SJP: What’s next for CAR T cells?

Gottschalk: Several things:

  1. Novel CAR generation
    The majority of clinical studies so far have used retroviral or lentiviral vectors to generate clinical grade CAR T-cell products. It is a lengthy, costly process that comes with a significant regulatory burden, which is why alternative solutions are being explored. For example, robust non-viral DNA delivery systems, combined with gene-editing technology, have the potential to address these limitations. Off-the-shelf CAR T-cell products also hold the promise of streamlining CAR T-cell production and distribution so these therapies can be seamlessly integrated into clinical care.
  2. Combination therapy
    There is significant interest to combine CAR T cells with other treatment methods. For example, there have been encouraging reports from preclinical models that combined CAR T-cell therapy with other therapies, including checkpoint blockade, oncolytic viruses, chemotherapy, radiation and small molecules.
  3. Safety enhancements
    Enhanced safety goes hand-in-hand with enhancing CAR T cell effectiveness. Safety switches are being tested as a way to switch off CAR T cells if patients develop severe side effects. The switches tested so far include inducible suicide switches based on viral or human proteins or antibody-based approaches.
  4. Evaluation
    We also need to improve our ability to evaluate CAR T-cell therapies in preclinical models and track CAR T cells noninvasively in patients. This will improve our understanding of why therapy fails and help us devise evidence-based approaches to overcome roadblocks as they are identified.
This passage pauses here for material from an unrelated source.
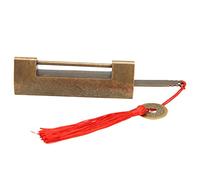 Adfaga Candado de de latón chino antiguo Cerradura decorativa horizontal vintage Cerradura de seguridad a prueba de herrumbre para joyeros Gabinetes Cajones Material Latón Tamaño (Bronce)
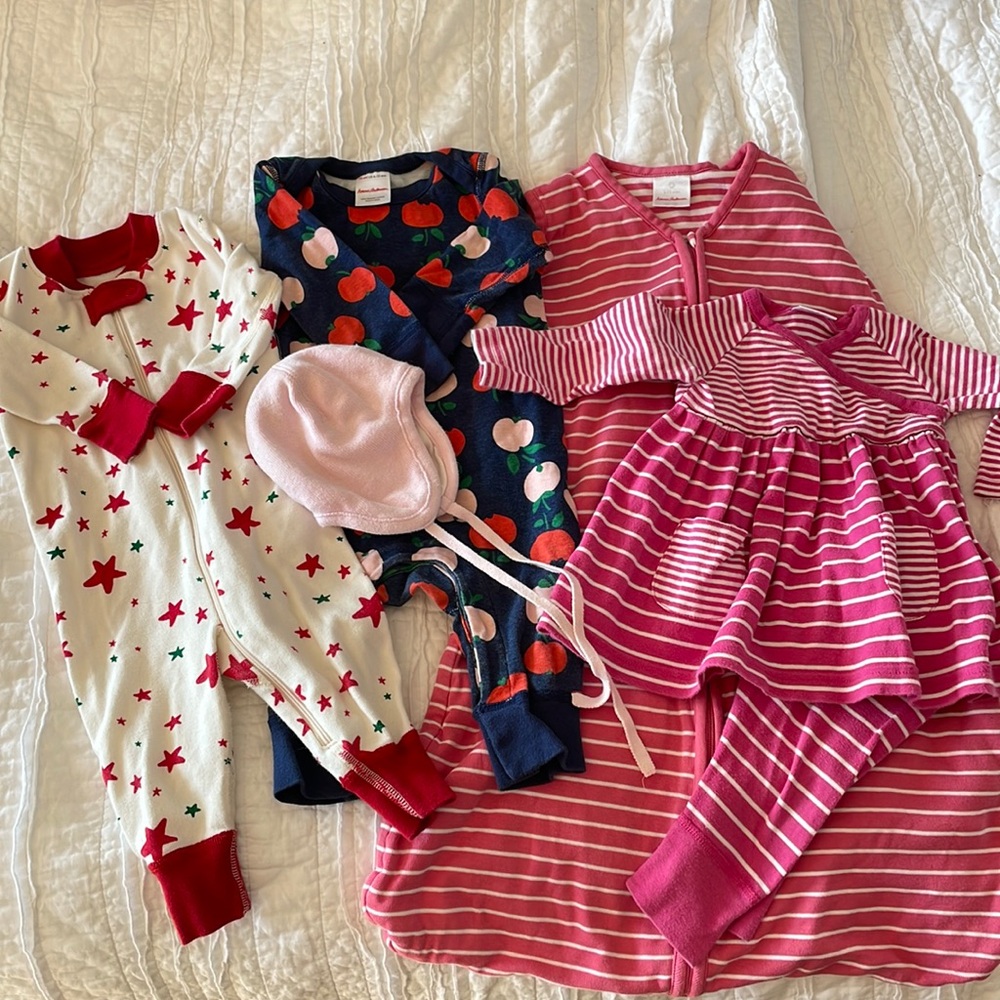 Hanna Andersson baby girl outfits! Christmas Holiday zip up. 3-12months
SJP: How hopeful are you that solid tumor patients will benefit from CAR T cells?

Gottschalk: Many approaches have been developed that dramatically improve the anti-tumor activity of CAR T cells in preclinical models for solid tumors. The methods now await early phase clinical testing in humans. So, I remain very hopeful that within the next decade, solid tumor patients will benefit from CAR T-cell therapies to the same degree patients with B-cell malignancies are today.

Gottschalk will provide more details about efforts to develop CAR T cells for solid tumors at ASCO. The educational session begins at 11:30 a.m. in S504 of McCormick Place.